Monday, May 6, 2019

May 6, 2019





Tracking Students’ Emotions and Mindsets

By Benjamin Herold


The race is on to provide students with personalized learning experiences based on their individual emotions, cognitive processes, “mindsets,” and character and personality traits.

Academic researchers, for example, are busy developing computerized tutoring systems that gather information on students’ facial expressions, heart rate, posture, pupil dilation, and more. Those data are then analyzed for signs of student engagement, boredom, or confusion, leading a computer avatar to respond with encouragement, empathy, or maybe a helpful hint. “The idea is that emotions have a powerful influence on cognition,” said Sidney D’ Mello, an assistant professor of computer science and psychology at the University of Notre Dame, in Indiana.

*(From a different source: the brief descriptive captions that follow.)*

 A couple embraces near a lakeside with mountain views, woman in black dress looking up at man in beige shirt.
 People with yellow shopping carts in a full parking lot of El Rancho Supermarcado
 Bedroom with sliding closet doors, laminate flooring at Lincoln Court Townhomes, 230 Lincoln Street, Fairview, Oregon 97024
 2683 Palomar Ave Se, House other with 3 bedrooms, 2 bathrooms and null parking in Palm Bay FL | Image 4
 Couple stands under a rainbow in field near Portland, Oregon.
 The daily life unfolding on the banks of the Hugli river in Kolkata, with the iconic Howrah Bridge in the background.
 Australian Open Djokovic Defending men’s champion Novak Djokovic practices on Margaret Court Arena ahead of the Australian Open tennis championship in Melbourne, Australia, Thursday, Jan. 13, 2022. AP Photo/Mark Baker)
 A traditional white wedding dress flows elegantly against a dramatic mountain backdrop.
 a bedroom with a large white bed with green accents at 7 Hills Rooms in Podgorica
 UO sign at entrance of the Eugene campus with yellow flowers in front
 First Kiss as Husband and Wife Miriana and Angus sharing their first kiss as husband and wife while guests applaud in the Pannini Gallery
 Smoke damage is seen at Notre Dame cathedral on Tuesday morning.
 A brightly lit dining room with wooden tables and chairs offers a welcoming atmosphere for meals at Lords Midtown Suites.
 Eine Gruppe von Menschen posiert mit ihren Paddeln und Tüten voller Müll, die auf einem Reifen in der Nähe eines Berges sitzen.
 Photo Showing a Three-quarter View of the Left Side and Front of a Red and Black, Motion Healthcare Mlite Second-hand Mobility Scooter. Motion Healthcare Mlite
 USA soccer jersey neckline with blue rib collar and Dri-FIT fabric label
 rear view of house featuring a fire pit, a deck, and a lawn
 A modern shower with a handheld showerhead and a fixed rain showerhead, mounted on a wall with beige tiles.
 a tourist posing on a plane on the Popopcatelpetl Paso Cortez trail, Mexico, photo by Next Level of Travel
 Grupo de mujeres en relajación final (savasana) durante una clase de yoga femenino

The increasing power and affordability of eye tracking, speech-recognition, and other technologies have made it possible for researchers to investigate those connections more widely and deeply, he said. “Ten years ago, there were things you could do in a lab that you couldn’t do in the messiness of the real world,” D’ Mello said. “Now, you can get a reasonable proxy of a student’s heart rate from a webcam.”

Still, widely available classroom applications of such work might be a decade or more away. More prevalent now are digital resources that seek to measure and support the development and self-identification of such “noncognitive competencies” as self-management, perseverance, and a “growth mindset” that recognizes skills can improve with effort.